Seventh Scientific Meeting of the
CLAssification and Data Analysis Group
of the Italian Statistical Society
Università di Catania (Italy) - September 9-11, 2009

The University of Catania from its origins to the 1800s

On October 19th of 1434, Alfonso of Aragon, monarch of Spain and Sicily, officially confirmed his approval for a Studium generale for the city of Catania with the following sentence:”Placeat providere et privilegium concedere quod Studium generale fiat in Civitate Cathanie, cum civica sit ad hoc aptissima et fertilis Placet”.
But only on April 18 of 1444, the pontifical approval, necessary for the activity to begin, was given by Pope Eugenio the IVth, to the four fundamental sections of: Theology, Civil and Canonocal Law, Physics (Medicine) and Philosophy, and Liberal Arts (Literature), with the right to confer degrees, bachelorships and grant licenses. The economic needs of the Studium were provided for by the King in the form of a grant. Initially, the university was located in a building that had previously been used by the city’s intermediate schools till 1684, when it found adequate lodging on the premises of the San Marco Hospital.

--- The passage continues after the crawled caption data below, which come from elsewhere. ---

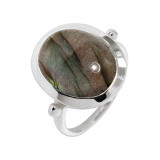 Labradorite / Argent 925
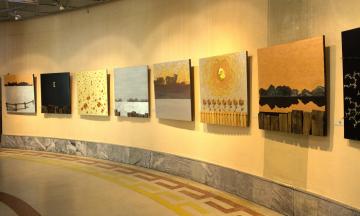 Первая выставка работ татарского художника в Бурятии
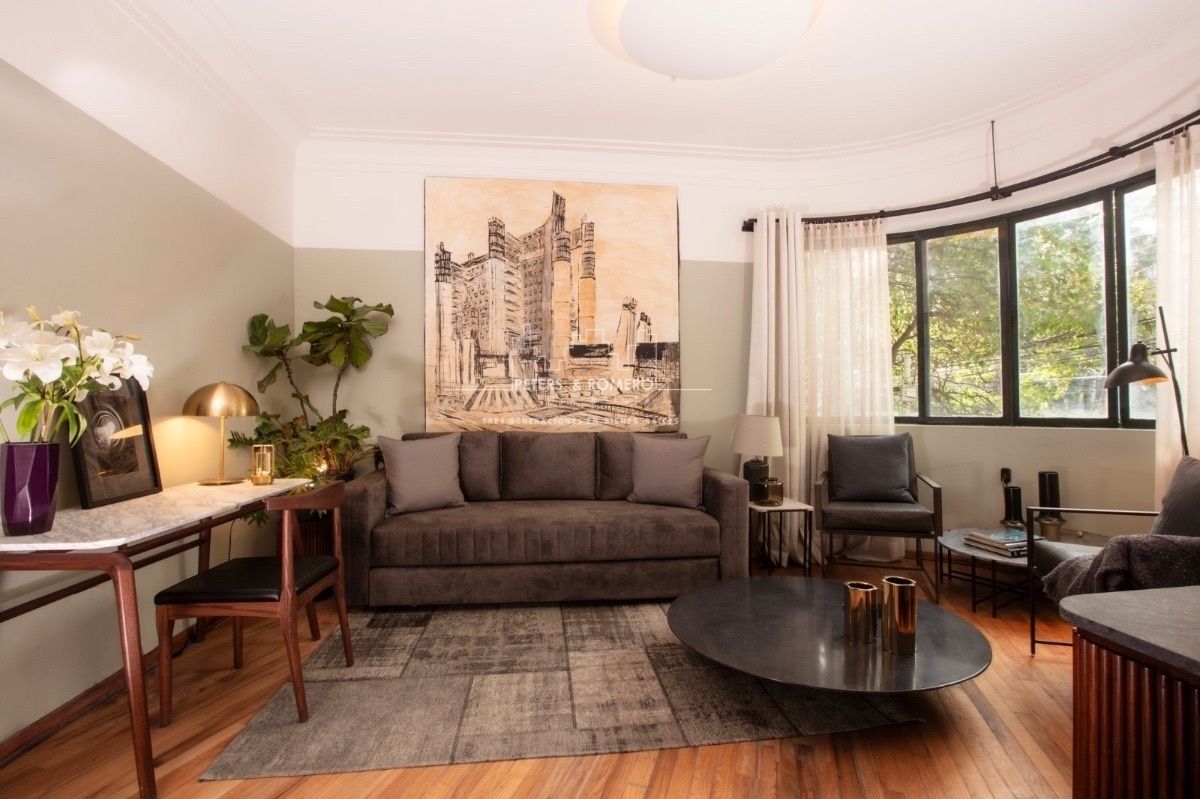 Roma Norte, Cuauhtémoc Apartment — Peters & Romero listing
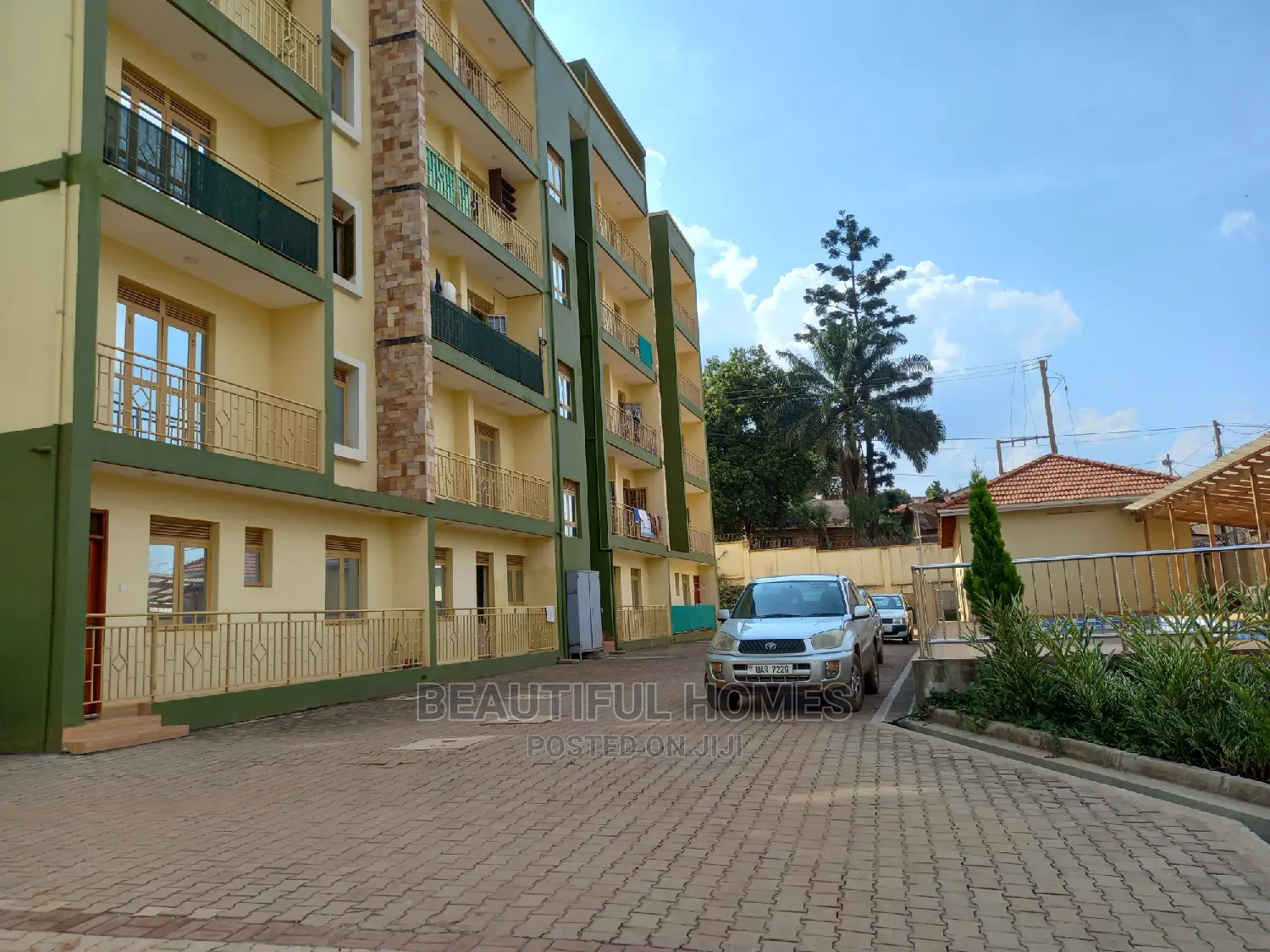 Furnished 2bdrm Condo in Bukoto, Nakawa for Sale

But the disastrous earthquake of 1693 destroyed much of Catania, and San Marco as well. The Studium recommenced its activity forty days after the earthquake, this time housed in barracks at the port. The work of re building on the foundations of the old San Marco began in 1696, resulting in the actual building in which the Rectorate is found today. The inner court yard and colonnade of the new building were designed by the architect Giovan Battista Vaccarini. The university of Catania was conferred of the Siculorum Gymnasium’s exclusive authority to confer legally valid degrees, following the model of the University of Bologna but differed from it in that all the administrative power was given to the Church. For the students, civil and penal offences were judged not by the ordinary judges but by the Rector himself, who often pronounced rather leniently. The Rector was elected annually by the senior students.
The student aspiring to the laurea was required to pass a 24 hours exam, and discuss the puncta. The score of the puncta was done in secrecy. The ceremony consisted in the handing out of books to the new graduate, first closed and then opened, the placing of a beret on the head of the student and of a gold ring on his finger, followed by the kiss of peace and a blessing. The Studium was particularly rejuvenated by the attention given by the Austrian government with the diploma decreed by Charles of Bourbon in 1737.
In 1779, another reform abolished the role of Rector and lectors were obliged to use Italian language and students with their heads uncovered during repetitions. Due to the fact that King Ferdinand the 1st in 1805 decreed the university of Palermo and Messina, the role of Catania Studium declined with the drop of the number of students. Because of the initiative of Ferdinand II, worried about the fermenting revolutionary independence movement that had begun to form in the Sicilian universities, that obliged students to attend the university to which had been assigned the province from which they came, the number of students of the Studium raised up. After the 1860, under the Savoy, the Sicilian universities passed under the jurisdiction of the State. In 1862 the University of Catania was forced to submit to the De Sanctis law that demoted it to a secondary level. Only after an initiative of the municipal councils and provinces of Etnean regions, who had managed to unite themselves in the effort to meet the indispensable needs of their institution, the Studium regained its status of primary level university.